FN11 In Green v. Sun Harbor Homeowners' Association, Inc., 730 So.2d 1261, 1263 (Fla.1998), this Court relied upon rule 1.100(a) in holding that while “[c]omplaints, answers, and counterclaims are pleadings,” a “motion to dismiss is not.” (Emphasis supplied.) Thus, section 51.011's provision that “[n]o other pleadings are permitted,” which is nearly the same language as that present in rule 1.100(a) (“No other pleadings shall be allowed”), does not address the motion-practice issue. (Emphasis supplied.)

It is also not clear that a form of motion practice during chapter 51 proceedings would undermine this summary procedure. Cf. Dade Realty Corp. v. Schoenthal, 149 Fla. 674, 6 So.2d 845, 846 (1942) (“Landlord and tenant or distress proceedings as provided by [predecessor statutes], are summary in nature and were provided for the purpose of giving a landlord speedy relief where (1) the tenant defaults in payment of rent under his contract, or (2) where he stays on and refuses to vacate the premises after the expiration of his rental contract.”). The current Rules of Civil Procedure already prevent a dilatory string of motions by requiring that a party present all defensive motions other than *1258 motions for judgment on the pleadings, motions to dismiss for failure to state a cause of action or legal defense, motions to dismiss for failure to join an indispensable party, and motions to dismiss for lack of subject-matter jurisdiction in a single package either as a pretrial motion or in a responsive pleading. See Fla. R. Civ. P. 1.140(h).

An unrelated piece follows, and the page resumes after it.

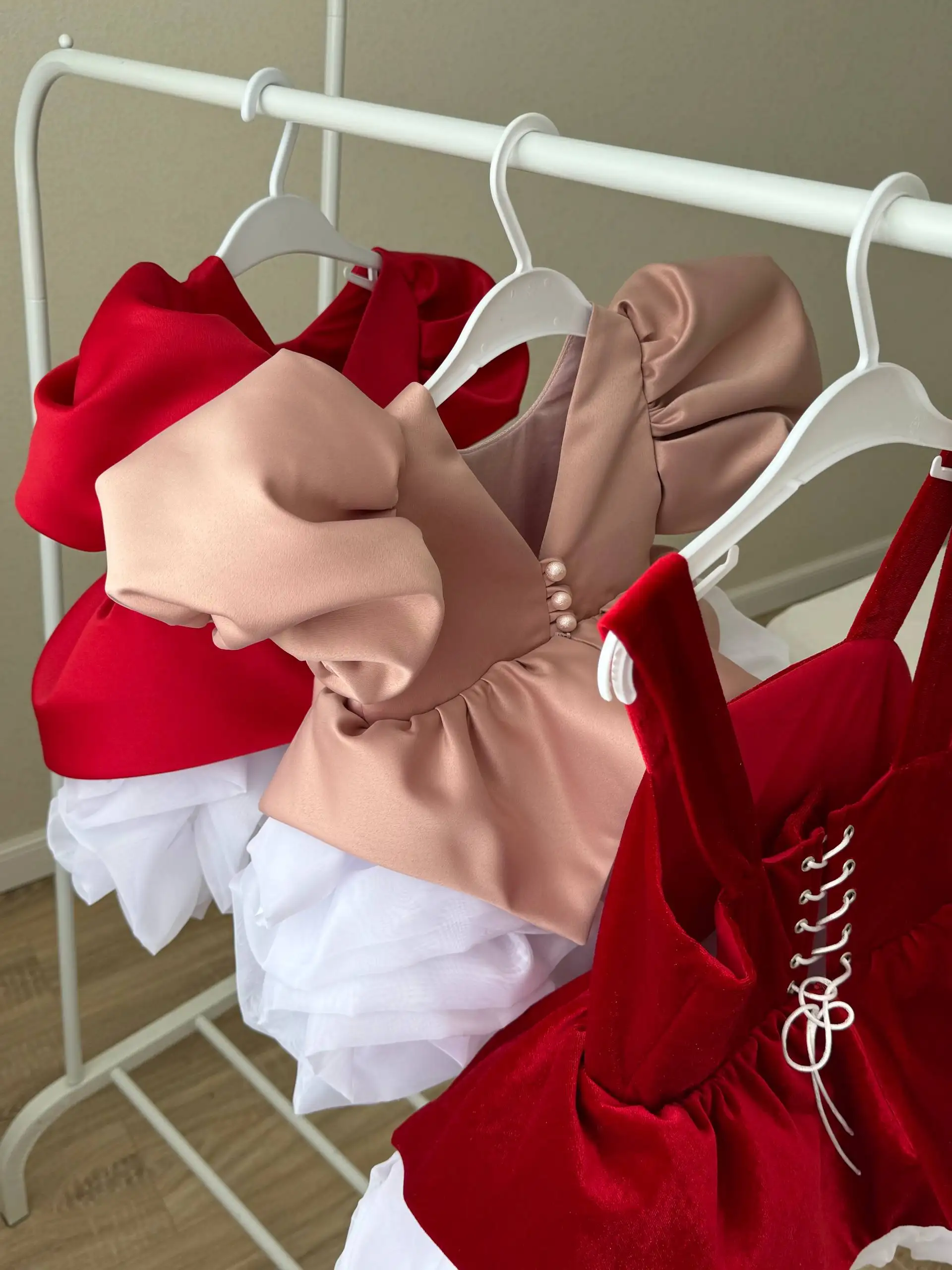 Продажа или аренда детского нарядного пышного платья ручной работы - Детская одежда (Одежда) в Уфа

The plain text of section 51.011 does not provide for instantaneous defaults in the event a party has filed a defensive motion and thereafter an untimely responsive pleading. The Legislature merely borrowed similar language from a portion of rule 1.140(a)(1) and substituted “5 days” for “20 days.” Compare Fla. R. Civ. P. 1.140(a)(1) (“[a] defendant shall serve an answer within 20 days after service of original process and the initial pleading on the defendant” (emphasis supplied)), with § 51.011(1) (a defendant's answer “shall be filed within 5 days after service of process” (emphasis supplied)). Section 51.011 must be read in conjunction with the Rules of Civil Procedure and the statute creating the cause of action. See § 51.011, Fla. Stat. (2006).

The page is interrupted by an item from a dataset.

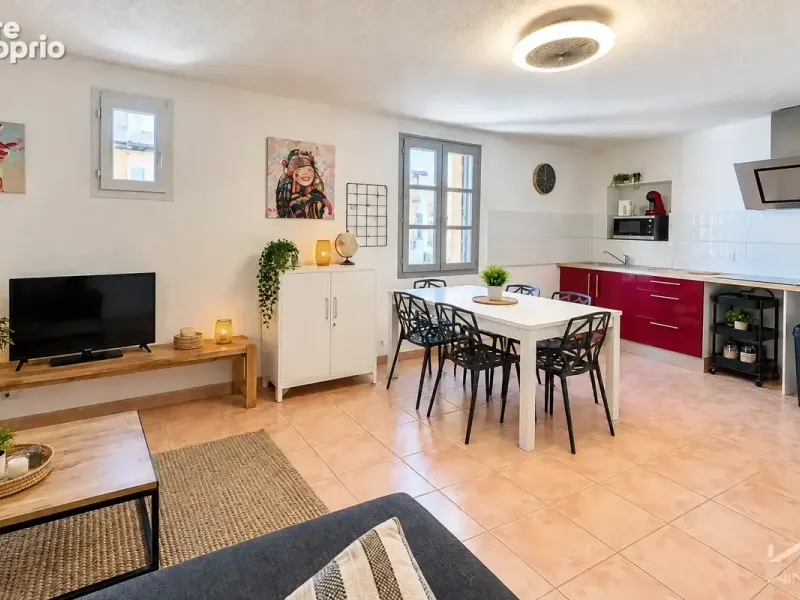 Photo Appartement à Saint-Paul-Trois-Chateaux au prix de 839 900€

While the Legislature did not provide for instantaneous defaults in enacting section 51.011, it did provide for a solitary instance of instantaneous default under the Commercial Landlord-Tenant Act. Specifically, the Legislature has directed that the

[f]ailure of the tenant to pay ... rent into the court registry pursuant to court order shall be deemed an absolute waiver of the tenant's defenses. In such case, the landlord is entitled to an immediate default for possession without further notice or hearing thereon.

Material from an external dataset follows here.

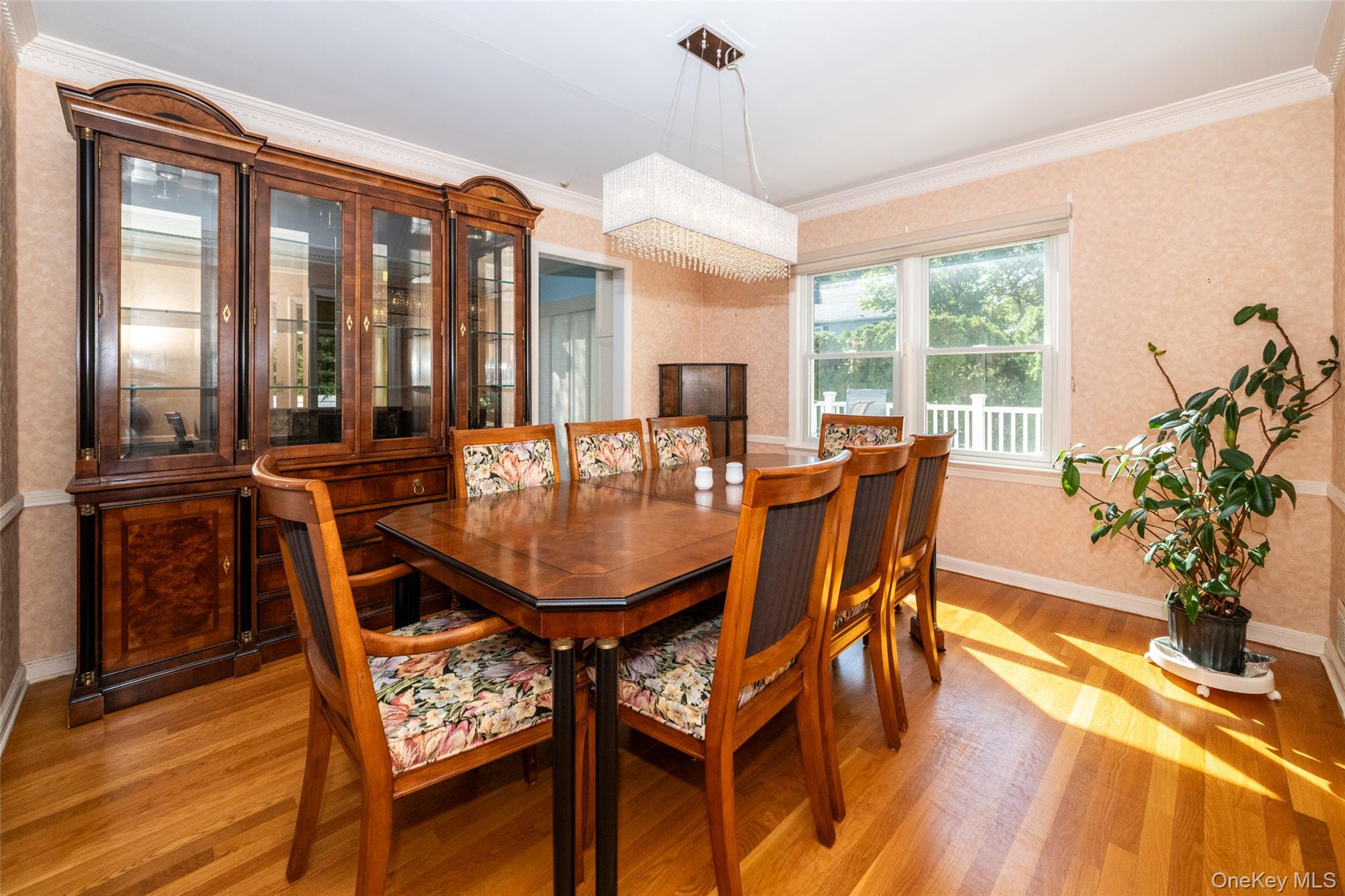 #4 photo, 18 Lomond Place, New Rochelle , NY 10804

§ 83.232(5), Fla. Stat. (2006) (emphasis supplied).

This appears to be the substance of the reasoning that the Fourth District attempted to apply to untimely answers in Pro-Art. See 959 So.2d at 756 (“By not filing its answer within five days of being served, the tenant in the instant case waived its additional defenses.”). However, this statute is explicitly restricted to the failure to pay rent. Where the Legislature has explicitly provided for an instantaneous default with regard to the nonpayment of rent during the pendency of the commercial tenant-removal action, but has not so provided with regard to the filing of an untimely motion or pleading before the entry of default, the Court should presume that this omission was intentional. “Under the canon of statutory construction expressio unius est exclusio alterius, the mention of one thing implies the exclusion of another.” State v. Hearns, 961 So.2d 211, 219 (Fla.2007) (explaining the interpretive significance of the Legislature's listing of only two types of “battery” under section 776.08, Florida Statutes (2006). Had the Legislature intended for a commercial tenant who is current on his or her rental obligation, and who has belatedly filed a responsive pleading or defensive motion, to suffer an instantaneous default, it would have explicitly provided for such a severe sanction. Section 51.011 simply does not contain any language providing for instantaneous defaults. Any alteration thereof should not be by judicial decision.